Aim of the task -
Transcribe the lines below exactly, beginning with the line that holds "Lexus NX I, 2020" and ending with the final line, both included. Pictures are to be left out.
-- Opening Marker --
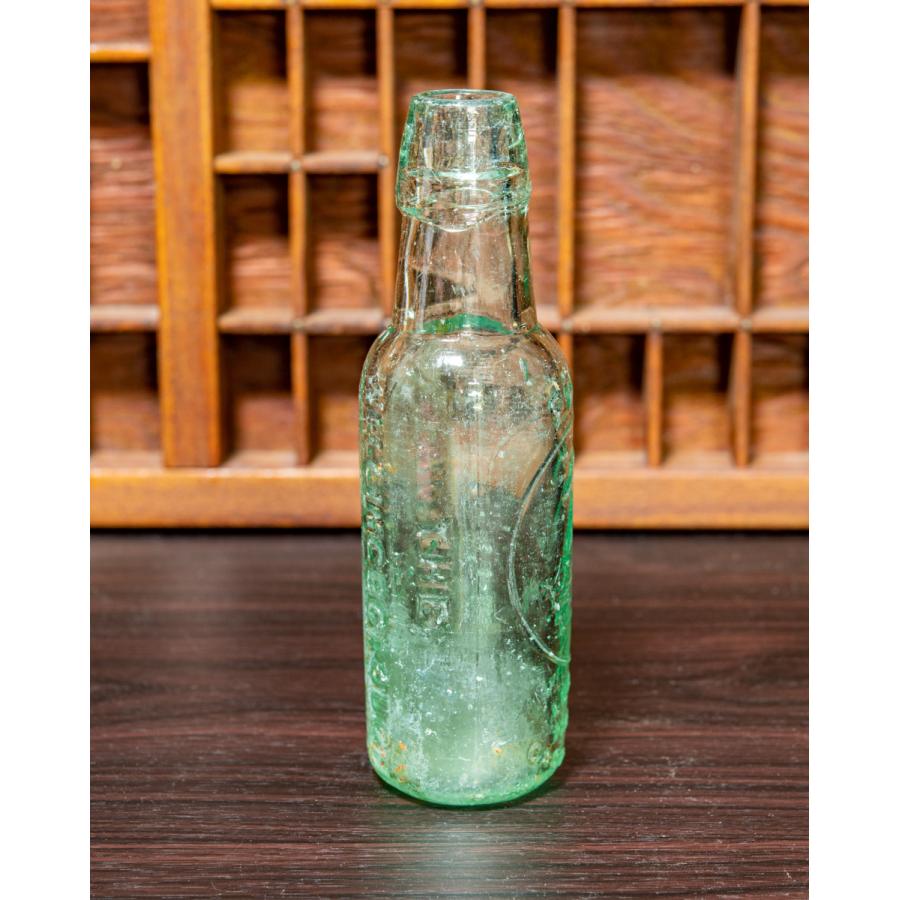 アンティーク エンボス文字入り ガラスボトル 高さ18.5cm 瓶 一輪挿し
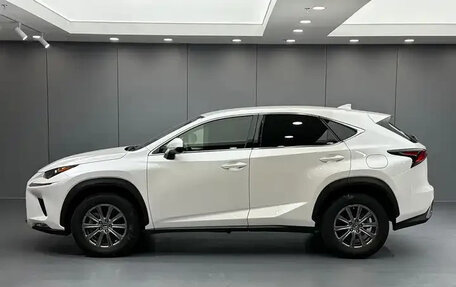 Lexus NX I, 2020 год, 2 950 000 рублей, 7 фотография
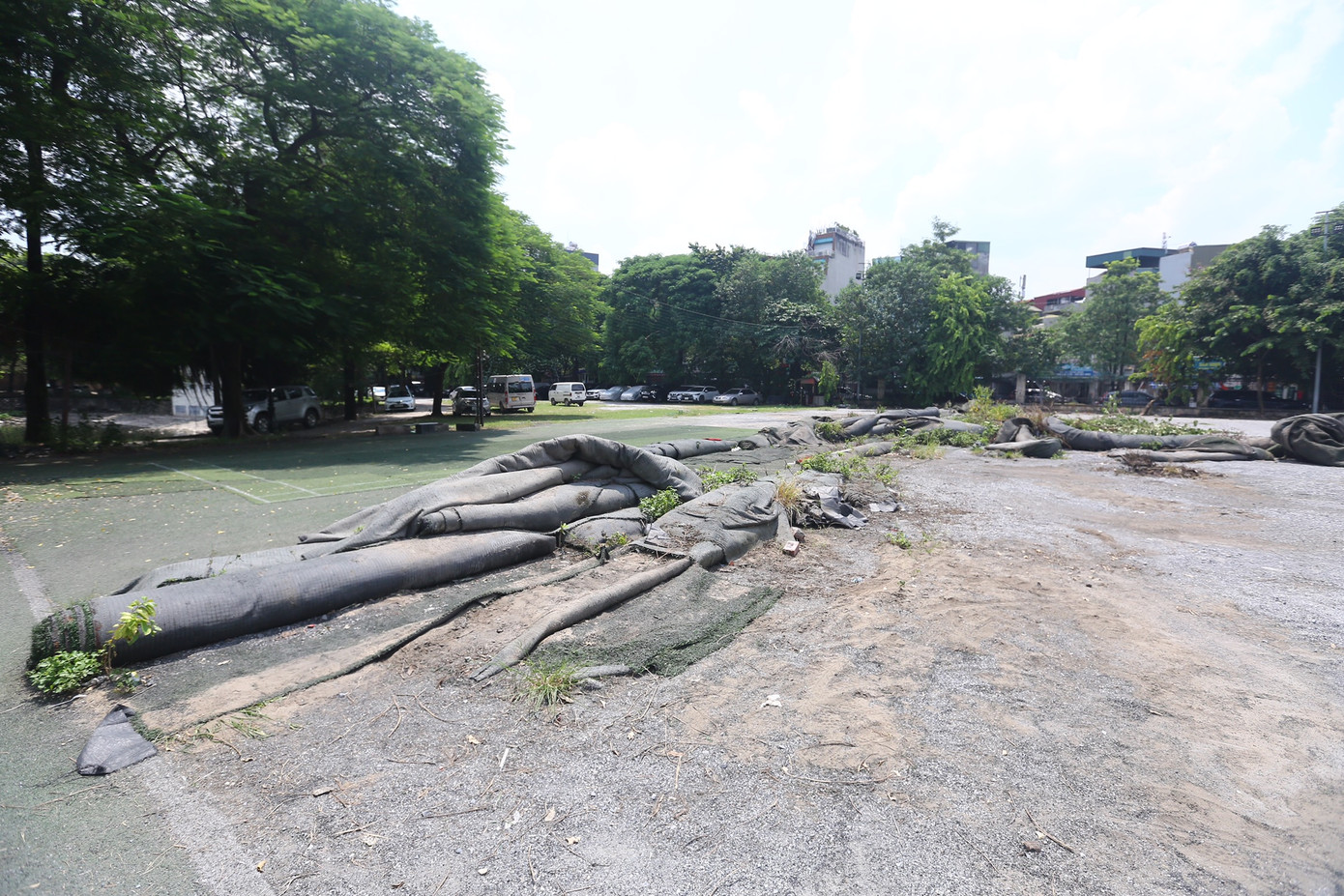 Hạng mục sân bóng đá mini trong công viên đã được tháo dỡ, tuy nhiên nhiều bãi cỏ vẫn chưa được dọn dẹp.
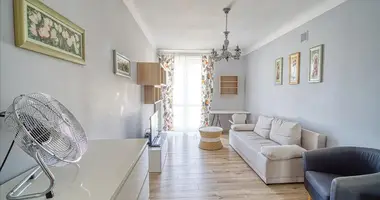 Квартира 2 комнаты в Варшава, Польша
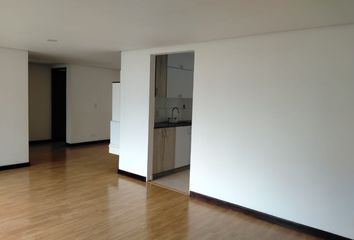 Apartamento en El Poblado, Medellín, Antioquia, Colombia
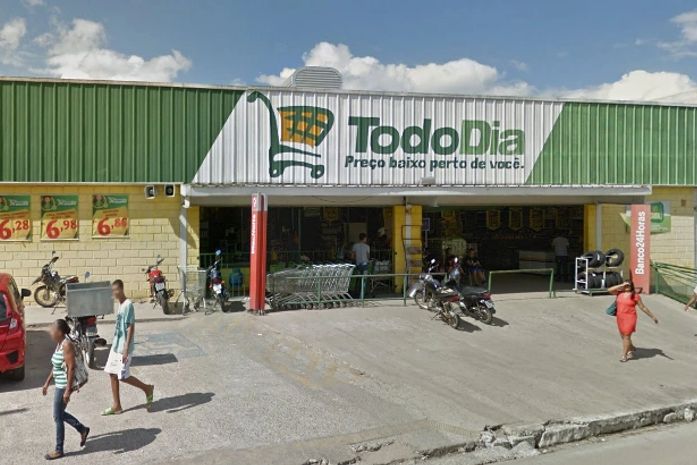 Homem faz buraco em parede e tenta roubar cofre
-- Closing Marker --
Your response -
 Lexus NX I, 2020 год, 2 950 000 рублей, 7 фотография
 Hạng mục sân bóng đá mini trong công viên đã được tháo dỡ, tuy nhiên nhiều bãi cỏ vẫn chưa được dọn dẹp.
 Квартира 2 комнаты в Варшава, Польша
 Apartamento en El Poblado, Medellín, Antioquia, Colombia
 Homem faz buraco em parede e tenta roubar cofre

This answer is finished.